Alors qu'il étudiait un jour, comme à son accoutumée, les grandes oeuvres théoriques du bouddhisme, le dos au soleil, il vit une ombre assombrir ses textes. Se retournant, il aperçut derrière lui, venue d'on ne sait où, une vielle femme affligée de pas moins de 37 signes de laideur : les yeux rouges et enfoncés, les cheveux rougeâtres, le front protubérant, le visage creusé par les rides, les oreilles trop longues, le nez tordu, un début de barbe jaune, la bouche de travers, les dents rentrées, la langue débordant sur les lèvres, le teint livide, la peau épaisse, le dos voûté, etc.
La vieille femme, sans autre forme de présentation, demanda à l'érudit ce qu'il lisait.
- J'étudie la grammaire, la logique et la discipline, répondit, surpris, le professeur.
- Comprends-tu ces textes ? poursuivit la vieille femme.
- Bien sûr !
- Cela signifie que tu comprends les mots ou comprends-tu aussi le sens ?
- Je comprends les mots, répondit Naropa, quelque peu interloqué par une telle question.
La vieille femme, ravie, se mit alors à rire et à danser.
Naropa, encouragé par une telle attitude et regrettant avoir avoué ne comprendre que les mots ajouta qu'il comprenait aussi le sens. Mal lui en prit : la vieille femme se mit aussitôt à pleurer et à se lamenter.
L'érudit, peut-être vexé et certainement très intrigué, apostropha son interlocutrice :
- Peux-tu m'expliquer, vieille femme, pourquoi tu t'es montrée si joyeuse lorsque je t'ai dit que je comprenais les mots et pourquoi tu t'es mise à pleurer lorsque j'ai ajouté que je comprenais aussi le sens ?
- Tout simplement parce que lorsque tu as dit comprendre les mots c'était vrai et que cette franchise m'a réjouie ; mais lorsque tu as déclaré comprendre aussi le sens, c'était faux et cela m'a attristée.

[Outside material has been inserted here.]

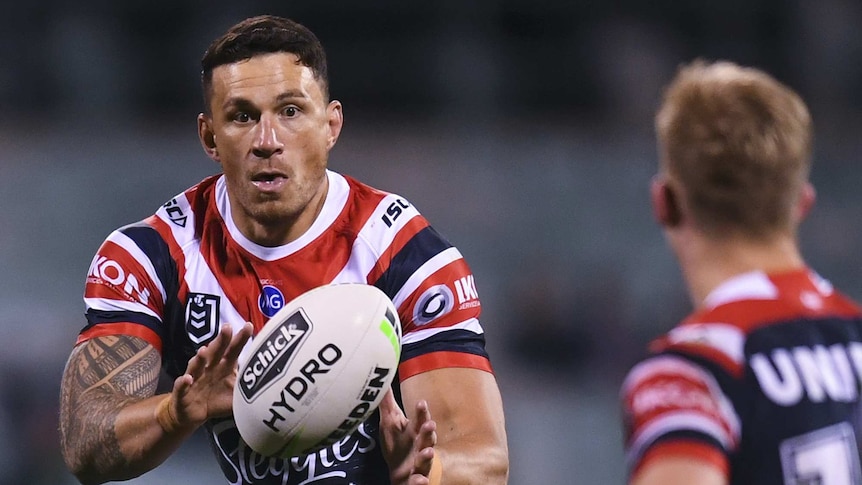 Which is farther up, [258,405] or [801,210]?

- Et qui donc comprend le sens ?
- Mon frère.
- Alors présente-le moi.
- Tu dois le trouver toi-même et lui demander de t'enseigner.

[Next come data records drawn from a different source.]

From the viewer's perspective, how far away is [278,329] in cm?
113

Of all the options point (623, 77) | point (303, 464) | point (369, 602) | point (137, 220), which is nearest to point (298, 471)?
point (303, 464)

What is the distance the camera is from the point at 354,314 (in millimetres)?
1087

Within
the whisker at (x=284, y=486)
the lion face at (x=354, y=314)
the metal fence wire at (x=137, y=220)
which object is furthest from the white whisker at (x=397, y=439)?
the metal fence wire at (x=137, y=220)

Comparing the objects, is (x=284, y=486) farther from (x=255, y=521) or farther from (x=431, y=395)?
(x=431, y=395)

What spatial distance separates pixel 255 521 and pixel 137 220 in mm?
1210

Sur ces mots, la vieille femme disparut !
Plus tard, sa voix se fit de nouveau entendre pour révéler à Naropa le nom du maître qu'il devait chercher : "Au Levant vit Tilopa, personnification de la béatitude et de la connaissance, seigneur de tout ce qui vit. Cherche-le, lui qui est un maître et un bouddha."

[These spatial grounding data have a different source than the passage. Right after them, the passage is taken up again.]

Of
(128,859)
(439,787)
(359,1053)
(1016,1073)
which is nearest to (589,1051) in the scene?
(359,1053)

La vieille femme si étrange n'était autre que Vajrayogini qui avait revêtu cette apparence pour détourner le brillant érudit Naropa de ses spéculations intellectuelles et pour le conduire, par le biais de Tilopa, qu'il mettra des années à trouver, à la réalisation de la nature de l'esprit.
Naropa comprit bien évidemment que la vieille femme était une apparition divine et que les 37 signes de laideur qui la caractérisaient étaient à la fois une incitation à se détacher du samsara et un symbole des 37 branches de l'Eveil. Ce fut pour lui une profonde prise de conscience qui lui fit abandonner sur le champ ses études et sa position enviée dans la hiérarchie monastique. Prenant son bol de moine, il se mit sans tarder en route vers le Levant, à la recherche d'un mystérieux maître dont il ne connaissait que le nom.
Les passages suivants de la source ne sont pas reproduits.